Prompt: Count the lines below that contain "Truck". Give only the number.

Records from a data collection:

══════════

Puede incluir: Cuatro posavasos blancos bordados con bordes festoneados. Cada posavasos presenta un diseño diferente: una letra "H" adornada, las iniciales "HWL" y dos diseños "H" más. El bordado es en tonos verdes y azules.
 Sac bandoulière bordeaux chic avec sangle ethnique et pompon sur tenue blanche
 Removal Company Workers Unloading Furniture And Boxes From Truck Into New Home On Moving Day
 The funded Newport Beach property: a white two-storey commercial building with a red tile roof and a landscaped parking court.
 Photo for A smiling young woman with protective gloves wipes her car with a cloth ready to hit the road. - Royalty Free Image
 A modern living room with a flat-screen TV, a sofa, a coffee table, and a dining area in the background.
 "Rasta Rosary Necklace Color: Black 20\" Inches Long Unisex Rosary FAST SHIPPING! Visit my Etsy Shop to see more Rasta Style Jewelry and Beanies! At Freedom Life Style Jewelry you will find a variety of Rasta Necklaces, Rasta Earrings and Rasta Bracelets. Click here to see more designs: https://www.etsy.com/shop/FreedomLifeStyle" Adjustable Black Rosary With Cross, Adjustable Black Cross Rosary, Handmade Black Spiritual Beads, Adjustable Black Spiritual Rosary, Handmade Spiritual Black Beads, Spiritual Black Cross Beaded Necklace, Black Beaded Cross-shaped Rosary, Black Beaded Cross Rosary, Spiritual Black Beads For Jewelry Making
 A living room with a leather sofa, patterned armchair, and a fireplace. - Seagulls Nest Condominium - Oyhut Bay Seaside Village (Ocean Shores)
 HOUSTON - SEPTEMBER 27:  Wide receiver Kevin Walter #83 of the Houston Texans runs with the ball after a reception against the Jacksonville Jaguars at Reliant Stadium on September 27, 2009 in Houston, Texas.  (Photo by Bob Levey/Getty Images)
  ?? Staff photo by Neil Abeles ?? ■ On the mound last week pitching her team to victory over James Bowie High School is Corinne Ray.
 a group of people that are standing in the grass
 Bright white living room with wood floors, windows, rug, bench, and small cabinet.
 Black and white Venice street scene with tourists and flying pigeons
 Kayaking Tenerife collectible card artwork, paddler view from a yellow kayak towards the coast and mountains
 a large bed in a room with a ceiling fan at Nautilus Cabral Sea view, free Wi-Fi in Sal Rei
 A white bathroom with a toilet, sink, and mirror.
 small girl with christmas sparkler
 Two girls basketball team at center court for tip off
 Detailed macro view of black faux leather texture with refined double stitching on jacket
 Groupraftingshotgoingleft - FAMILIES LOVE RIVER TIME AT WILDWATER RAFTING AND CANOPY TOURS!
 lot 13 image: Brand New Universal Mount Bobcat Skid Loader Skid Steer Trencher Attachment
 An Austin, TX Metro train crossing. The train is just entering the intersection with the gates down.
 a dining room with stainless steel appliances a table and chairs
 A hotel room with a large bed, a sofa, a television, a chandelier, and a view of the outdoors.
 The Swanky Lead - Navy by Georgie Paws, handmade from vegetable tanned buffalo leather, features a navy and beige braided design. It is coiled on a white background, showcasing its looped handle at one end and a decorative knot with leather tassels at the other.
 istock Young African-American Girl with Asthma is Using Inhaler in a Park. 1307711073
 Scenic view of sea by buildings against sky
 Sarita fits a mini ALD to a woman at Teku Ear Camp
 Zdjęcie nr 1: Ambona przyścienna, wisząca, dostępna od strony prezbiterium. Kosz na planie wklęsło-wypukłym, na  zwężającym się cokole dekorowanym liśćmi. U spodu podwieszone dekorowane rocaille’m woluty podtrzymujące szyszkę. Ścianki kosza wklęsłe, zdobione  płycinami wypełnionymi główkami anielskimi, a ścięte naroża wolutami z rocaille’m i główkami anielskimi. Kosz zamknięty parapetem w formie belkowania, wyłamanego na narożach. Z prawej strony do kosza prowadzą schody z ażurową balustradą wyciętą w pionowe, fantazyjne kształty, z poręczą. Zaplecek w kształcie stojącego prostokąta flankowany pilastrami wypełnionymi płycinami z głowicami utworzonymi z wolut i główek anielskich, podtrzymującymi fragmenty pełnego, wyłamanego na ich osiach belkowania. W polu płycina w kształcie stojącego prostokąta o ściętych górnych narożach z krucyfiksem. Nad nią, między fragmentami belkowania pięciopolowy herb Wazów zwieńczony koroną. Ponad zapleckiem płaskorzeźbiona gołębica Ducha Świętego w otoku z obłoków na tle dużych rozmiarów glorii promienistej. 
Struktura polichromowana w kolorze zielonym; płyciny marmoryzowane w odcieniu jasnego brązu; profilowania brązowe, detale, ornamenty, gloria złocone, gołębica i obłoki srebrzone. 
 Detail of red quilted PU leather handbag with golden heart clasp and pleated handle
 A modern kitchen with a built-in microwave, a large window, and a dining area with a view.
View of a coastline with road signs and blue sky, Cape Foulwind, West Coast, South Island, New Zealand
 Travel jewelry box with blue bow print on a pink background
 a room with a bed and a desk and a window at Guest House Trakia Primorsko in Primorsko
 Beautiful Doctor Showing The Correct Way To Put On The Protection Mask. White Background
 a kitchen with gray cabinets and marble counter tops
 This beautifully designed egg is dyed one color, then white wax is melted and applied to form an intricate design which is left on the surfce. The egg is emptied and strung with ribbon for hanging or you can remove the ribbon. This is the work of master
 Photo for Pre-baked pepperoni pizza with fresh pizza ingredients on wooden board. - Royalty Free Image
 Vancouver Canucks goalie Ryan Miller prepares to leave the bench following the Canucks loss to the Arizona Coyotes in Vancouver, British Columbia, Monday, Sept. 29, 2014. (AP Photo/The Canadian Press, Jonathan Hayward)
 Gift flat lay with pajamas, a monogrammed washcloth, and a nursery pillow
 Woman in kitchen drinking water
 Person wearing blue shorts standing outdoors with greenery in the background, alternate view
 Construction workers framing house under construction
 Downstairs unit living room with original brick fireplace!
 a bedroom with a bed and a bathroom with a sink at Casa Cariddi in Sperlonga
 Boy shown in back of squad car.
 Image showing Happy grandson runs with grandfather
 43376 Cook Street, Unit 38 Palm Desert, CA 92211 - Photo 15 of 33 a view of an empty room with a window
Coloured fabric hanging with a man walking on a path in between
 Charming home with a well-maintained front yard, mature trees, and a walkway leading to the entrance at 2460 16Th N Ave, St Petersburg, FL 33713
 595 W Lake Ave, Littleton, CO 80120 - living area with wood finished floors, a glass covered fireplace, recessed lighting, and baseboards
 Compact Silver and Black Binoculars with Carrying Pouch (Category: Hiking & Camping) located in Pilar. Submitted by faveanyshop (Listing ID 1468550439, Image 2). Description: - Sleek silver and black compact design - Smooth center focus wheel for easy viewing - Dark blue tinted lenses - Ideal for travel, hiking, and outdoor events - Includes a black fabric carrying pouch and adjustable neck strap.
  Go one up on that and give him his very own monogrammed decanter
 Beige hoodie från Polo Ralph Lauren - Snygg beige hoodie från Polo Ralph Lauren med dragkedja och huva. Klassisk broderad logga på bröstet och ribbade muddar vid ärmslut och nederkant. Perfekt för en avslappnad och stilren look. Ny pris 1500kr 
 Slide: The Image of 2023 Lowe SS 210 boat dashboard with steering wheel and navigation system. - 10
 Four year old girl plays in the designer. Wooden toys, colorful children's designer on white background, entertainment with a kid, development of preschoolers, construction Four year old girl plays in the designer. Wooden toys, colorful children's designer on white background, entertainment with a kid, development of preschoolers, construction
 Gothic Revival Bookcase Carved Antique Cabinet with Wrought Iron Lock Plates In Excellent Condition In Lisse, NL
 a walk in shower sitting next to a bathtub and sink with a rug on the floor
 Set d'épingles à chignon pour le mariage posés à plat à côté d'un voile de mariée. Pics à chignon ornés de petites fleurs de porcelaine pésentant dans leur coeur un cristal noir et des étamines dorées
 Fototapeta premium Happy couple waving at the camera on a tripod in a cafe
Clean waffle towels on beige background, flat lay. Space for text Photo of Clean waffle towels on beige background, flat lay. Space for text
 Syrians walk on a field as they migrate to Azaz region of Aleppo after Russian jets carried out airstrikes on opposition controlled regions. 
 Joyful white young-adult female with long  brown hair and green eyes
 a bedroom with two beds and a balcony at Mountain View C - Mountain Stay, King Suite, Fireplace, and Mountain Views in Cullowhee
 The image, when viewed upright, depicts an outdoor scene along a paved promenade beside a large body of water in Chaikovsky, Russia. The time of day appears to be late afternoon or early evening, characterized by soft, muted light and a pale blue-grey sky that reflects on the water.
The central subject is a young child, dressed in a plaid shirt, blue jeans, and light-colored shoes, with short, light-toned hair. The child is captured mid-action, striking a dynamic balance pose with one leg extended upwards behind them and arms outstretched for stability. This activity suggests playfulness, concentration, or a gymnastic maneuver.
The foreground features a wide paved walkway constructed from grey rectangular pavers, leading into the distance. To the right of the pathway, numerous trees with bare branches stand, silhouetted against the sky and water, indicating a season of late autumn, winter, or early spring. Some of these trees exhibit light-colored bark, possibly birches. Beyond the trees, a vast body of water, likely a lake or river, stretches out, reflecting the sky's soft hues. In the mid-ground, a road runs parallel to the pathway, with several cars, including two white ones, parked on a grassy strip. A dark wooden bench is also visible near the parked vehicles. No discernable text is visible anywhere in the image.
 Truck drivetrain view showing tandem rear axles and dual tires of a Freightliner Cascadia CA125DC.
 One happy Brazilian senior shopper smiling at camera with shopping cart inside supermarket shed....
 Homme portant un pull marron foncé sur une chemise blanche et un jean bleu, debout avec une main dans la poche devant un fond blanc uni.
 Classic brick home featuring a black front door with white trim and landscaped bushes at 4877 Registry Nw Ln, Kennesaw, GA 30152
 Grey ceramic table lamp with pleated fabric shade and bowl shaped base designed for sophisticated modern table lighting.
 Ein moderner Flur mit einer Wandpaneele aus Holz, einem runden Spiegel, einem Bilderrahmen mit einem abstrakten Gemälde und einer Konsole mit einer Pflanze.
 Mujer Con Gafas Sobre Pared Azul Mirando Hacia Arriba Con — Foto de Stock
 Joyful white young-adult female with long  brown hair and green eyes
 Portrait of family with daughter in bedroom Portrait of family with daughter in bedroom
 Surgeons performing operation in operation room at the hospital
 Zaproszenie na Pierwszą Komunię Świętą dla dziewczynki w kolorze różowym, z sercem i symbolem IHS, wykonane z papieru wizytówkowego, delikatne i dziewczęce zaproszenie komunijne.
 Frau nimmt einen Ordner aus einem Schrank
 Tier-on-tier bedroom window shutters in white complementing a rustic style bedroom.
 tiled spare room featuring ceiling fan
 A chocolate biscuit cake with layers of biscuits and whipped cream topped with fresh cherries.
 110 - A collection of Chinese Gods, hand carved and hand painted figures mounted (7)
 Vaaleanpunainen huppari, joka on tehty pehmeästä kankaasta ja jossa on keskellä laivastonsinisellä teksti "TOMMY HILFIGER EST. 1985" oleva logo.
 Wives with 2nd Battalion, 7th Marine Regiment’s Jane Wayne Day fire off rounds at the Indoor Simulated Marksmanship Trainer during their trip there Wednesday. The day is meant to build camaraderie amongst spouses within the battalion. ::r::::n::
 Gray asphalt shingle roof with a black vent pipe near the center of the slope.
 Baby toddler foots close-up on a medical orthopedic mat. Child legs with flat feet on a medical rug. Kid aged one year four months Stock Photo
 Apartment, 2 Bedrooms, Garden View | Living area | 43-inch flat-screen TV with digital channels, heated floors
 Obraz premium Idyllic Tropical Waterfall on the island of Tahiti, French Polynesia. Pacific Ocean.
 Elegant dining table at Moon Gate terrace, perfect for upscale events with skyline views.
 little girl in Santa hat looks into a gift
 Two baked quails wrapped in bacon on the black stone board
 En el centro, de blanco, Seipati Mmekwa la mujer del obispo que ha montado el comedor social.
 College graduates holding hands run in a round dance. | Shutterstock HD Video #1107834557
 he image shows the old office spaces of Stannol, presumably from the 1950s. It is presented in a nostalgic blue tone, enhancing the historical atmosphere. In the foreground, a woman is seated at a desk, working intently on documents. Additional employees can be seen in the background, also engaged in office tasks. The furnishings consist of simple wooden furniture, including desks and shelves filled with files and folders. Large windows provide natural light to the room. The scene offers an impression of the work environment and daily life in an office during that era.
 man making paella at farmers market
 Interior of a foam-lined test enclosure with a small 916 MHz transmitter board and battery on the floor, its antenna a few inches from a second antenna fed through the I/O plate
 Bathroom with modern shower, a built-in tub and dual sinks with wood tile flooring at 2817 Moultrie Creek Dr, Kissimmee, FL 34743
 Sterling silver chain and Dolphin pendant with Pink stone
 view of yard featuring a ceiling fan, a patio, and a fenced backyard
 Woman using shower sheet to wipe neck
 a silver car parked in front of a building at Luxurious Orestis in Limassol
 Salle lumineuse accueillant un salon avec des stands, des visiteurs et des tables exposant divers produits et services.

══════════

Task result: 2